3.2. Comparison of the Relative Disease Indices among Treatments

In this study, 12 agent treatments were designed to test their effectiveness in controlling Verticillium wilt. The relative disease index of all the applied treatments was less than that of the blank control (Table 5). For the three agent irrigation treatments, the disease index of the B. subtilis irrigation treatment (treatment 2) increased by 17.5 in 2021, which was the same as that of the propiconazole irrigation treatment (treatment 4). The relative disease index of the azoxystrobin irrigation treatment (treatment 3) was the highest (21.25; Table 5). In 2022 and 2023, the disease indices of treatment 2 increased by 9.72 and 1.47, respectively, which were lower than those of treatments 3 (11.66 and 2.94, respectively) and 4 (27.94 and 3.84, respectively). However, there was no significant difference among the three treatments over the three years (p > 0.05; Table 5). For the two trunk injection treatments, the disease indices of the trunk injection of carbendazim and azoxystrobin (treatment 6) in 2021 and 2023 increased by 13.75 and 3.95, respectively, which were better than those of the trunk injection of carbendazim and prochloraz (treatment 5). However, in 2022, that of treatment 5 (17.1) was lower than that of treatment 6 (19.74; Table 5).
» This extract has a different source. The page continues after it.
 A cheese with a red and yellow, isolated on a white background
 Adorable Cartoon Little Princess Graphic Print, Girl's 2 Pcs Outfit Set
Among the treatments, the disease index of B. subtilis irrigation combined with the trunk injection of carbendazim and azoxystrobin (treatment 8) increased by 1.25, which was the lowest in 2021. The index of this treatment was significantly higher than those of treatments 1 and 2 (p < 0.05; Table 5). This was followed by treatment 7 (6.25) and treatment 12 (3.75). The relative disease indices of the other treatments were higher than 10 (Table 5). In the next two years, the combination of propiconazole irrigation with the trunk injection of carbendazim and prochloraz (treatment 11) exhibited the most effective control. The disease index decreased by 1.39 in 2022, which was significantly higher than that of treatments 1, 4, and 10 (p < 0.05), and decreased by 1.84 in 2023, which was significantly higher than that of treatments 1 and 10 (p < 0.05; Table 5). In addition, the relative disease indices of treatment 7 over the three years were 6.25, 10, and −0.41, which were second only to those of treatment 11 out of all the treatments (Table 5). The results of the three-year experiments are shown in Figure 1. In summary, after three consecutive years of treatment, we found that treatment 11 had the most optimal effect on the disease, followed by treatment 7.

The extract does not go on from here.